I like Lebron, but I'm not sure about the idea that Lebron makes his teamates better quite yet. I really can't think of anyone on the Cavs who has been able to take their game to a higher level by playing with Lebron. In fact, I'd say that many of his teamates such as Hughes, Marshall, and Damon Jones(who last year was a prime example of a player being made better by superior teammates), have played well below their previous levels of play while with Lebron.

Thats not to say that I blame Lebron for that though, or wanna take anything away from what he has accomplished.


----------



## johnston797 (May 29, 2002)

ScottMay said:


> Remember, there is one area where LeBron is inarguably well ahead of Jordan's pace -- making his teammates better. Jordan was regarded in many circles as a selfish gunner right up until the first championship.

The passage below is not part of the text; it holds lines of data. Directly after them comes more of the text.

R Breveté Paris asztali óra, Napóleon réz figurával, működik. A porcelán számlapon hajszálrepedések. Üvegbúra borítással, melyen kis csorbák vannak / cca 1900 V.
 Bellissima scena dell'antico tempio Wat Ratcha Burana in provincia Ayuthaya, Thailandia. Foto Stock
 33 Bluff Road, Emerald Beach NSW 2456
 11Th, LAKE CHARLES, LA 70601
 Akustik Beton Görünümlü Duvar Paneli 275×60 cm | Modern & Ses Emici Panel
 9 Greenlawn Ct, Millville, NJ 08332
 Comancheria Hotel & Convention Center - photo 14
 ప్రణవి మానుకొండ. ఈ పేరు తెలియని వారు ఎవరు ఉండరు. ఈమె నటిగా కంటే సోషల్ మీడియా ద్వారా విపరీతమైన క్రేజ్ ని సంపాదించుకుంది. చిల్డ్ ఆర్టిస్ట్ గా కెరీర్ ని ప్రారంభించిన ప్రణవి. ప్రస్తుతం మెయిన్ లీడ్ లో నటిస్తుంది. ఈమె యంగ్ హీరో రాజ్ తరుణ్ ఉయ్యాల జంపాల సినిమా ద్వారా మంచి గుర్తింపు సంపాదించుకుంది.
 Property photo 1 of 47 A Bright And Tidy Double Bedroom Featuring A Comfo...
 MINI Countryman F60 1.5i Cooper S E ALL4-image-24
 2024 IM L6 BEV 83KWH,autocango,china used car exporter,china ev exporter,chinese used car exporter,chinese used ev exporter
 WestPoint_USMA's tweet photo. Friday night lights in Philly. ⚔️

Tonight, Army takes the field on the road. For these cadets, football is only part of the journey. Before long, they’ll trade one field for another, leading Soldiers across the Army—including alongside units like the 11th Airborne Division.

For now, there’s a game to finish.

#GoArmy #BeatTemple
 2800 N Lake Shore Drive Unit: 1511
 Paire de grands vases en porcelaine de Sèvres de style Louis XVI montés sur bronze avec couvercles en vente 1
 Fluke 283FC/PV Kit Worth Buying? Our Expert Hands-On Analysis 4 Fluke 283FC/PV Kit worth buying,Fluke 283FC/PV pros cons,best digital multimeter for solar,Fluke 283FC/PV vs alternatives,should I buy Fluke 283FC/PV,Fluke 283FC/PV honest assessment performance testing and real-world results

Interesting that MJ had more assists than Bron in Sam Smith's stats from today's column.

As i recall, most of the talk of MJ being a "selfish gunner" were in the context of "Is or will be MJ the greatest player of all-time?"

And isn't playing great D a way of making your teammates better, too? MJ and Pip certainly allowed guys like Pax, Kerr and BJ to be on the floor.

p.s. with all of that said, I do think LeBron's floor vision is superior to MJ's.


----------



## ScottMay (Jun 15, 2002)

johnston797 said:


> Interesting that MJ had more assists than Bron in Sam Smith's stats from today's column.


True . . . but consider sample sizes. Could Jordan have maintained that pace for 11 games?



> As i recall, most of the talk of MJ being a "selfish gunner" were in the context of "Is or will be MJ the greatest player of all-time?"


Where I lived in the mid-80s, you'd have been laughed out of the room if you suggested MJ was the greatest ever. I remember the selfish gunner argument more in the sense of "When is MJ ever going to make a Finals?" and "he's a slightly more accomplished Dominique/Alex English/Purvis Short" (it made me madder than hell).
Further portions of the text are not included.